2015 Ford F-150: Towing Impressions
March 30, 2015
Up until last weekend I'd spent very little time driving our long-term 2015 Ford F-150. My first real drive in it would be towing a craptacular race car from Los Angeles to Sonoma Raceway and back, an 850-mile round trip.
So, how'd it go?
The whole trip was a breeze. Granted, a caged Miata and this formula car trailer is a pretty light load as these things go. This truck's 2.7-liter twin turbo V6 has way more than enough gusto, and moved out with authority. It's really a terrific power plant, with a very smooth and quiet disposition and little if any meaningful turbo lag. Torque comes on strong at very low revs. If you're considering the 3.5-liter Ecoboost, be sure to try the 2.7-liter first, as it may well be totally sufficient for your needs.
It took me a minute to locate the tow/haul button. Turns out it's a tiny Chiclet at the base of the transmission selector. Engaging tow/haul mode holds gears longer and is better about downshifting. For instance, with the cruise set, the F-150's transmission will kick down when descending in an attempt to maintain your set speed.
The truck's chassis is notably more refined than the outgoing F-150. It is much quieter. Really, the only untoward noise I heard was an odd creak from the driver's door. I've found quiet truck cabins to be a real boon in combating fatigue behind the wheel, and the F-150 delivers. The ride quality, too, was barely fazed by the addition of the trailer's tongue weight. I know you've heard this refrain before, but — no joke — there were several instances on this trip that I forgot I was towing anything. For real.
When you attach the trailer's wiring connector to the truck, the truck recognizes this and turns off the parking sensors and cross-traffic alerts. And if you scroll through the menus in the instrument cluster, you'll find a towing menu. Here, the truck tests the trailer's lights to ensure they're functioning properly. This feature is especially handy if you're hooking up the trailer solo.
What else? The LED puddle lights in the side-view mirrors, each with their own button, throw a lot of light. Nice.
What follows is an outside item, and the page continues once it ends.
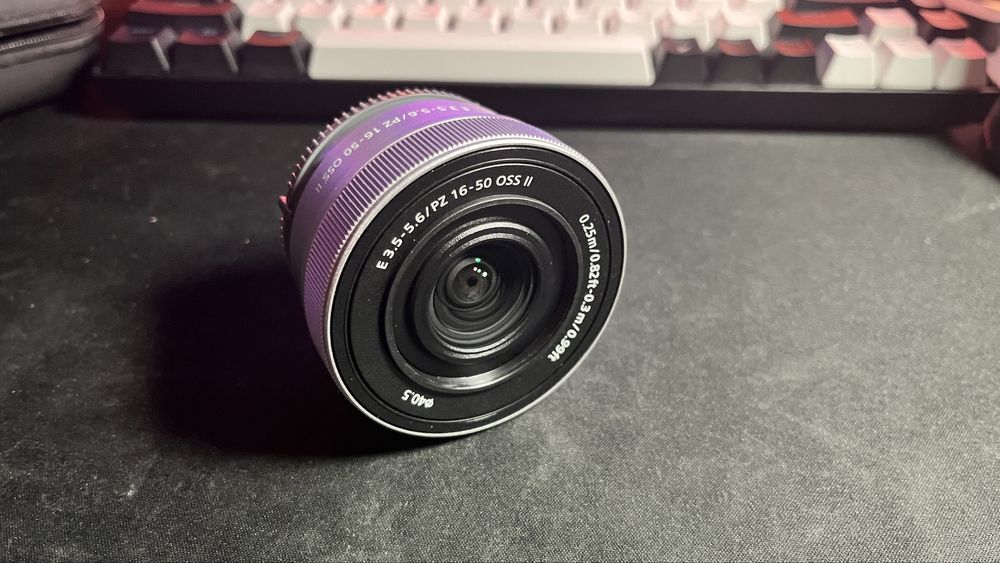 Sony Е 16-50mm f/3.5-5.6 OSS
The backseat cargo volume is thoughtfully laid out. There's enough height under the backseat to stow a full-size floor jack, and the long, skinny compartment under there is sized just right for the jack handle.
Fuel economy for this trip (approx. 85% towing) came in at 15.1 mpg.
Basically, on this trip I found the new F-150 a smart, comfortable and capable tool. I'm impressed.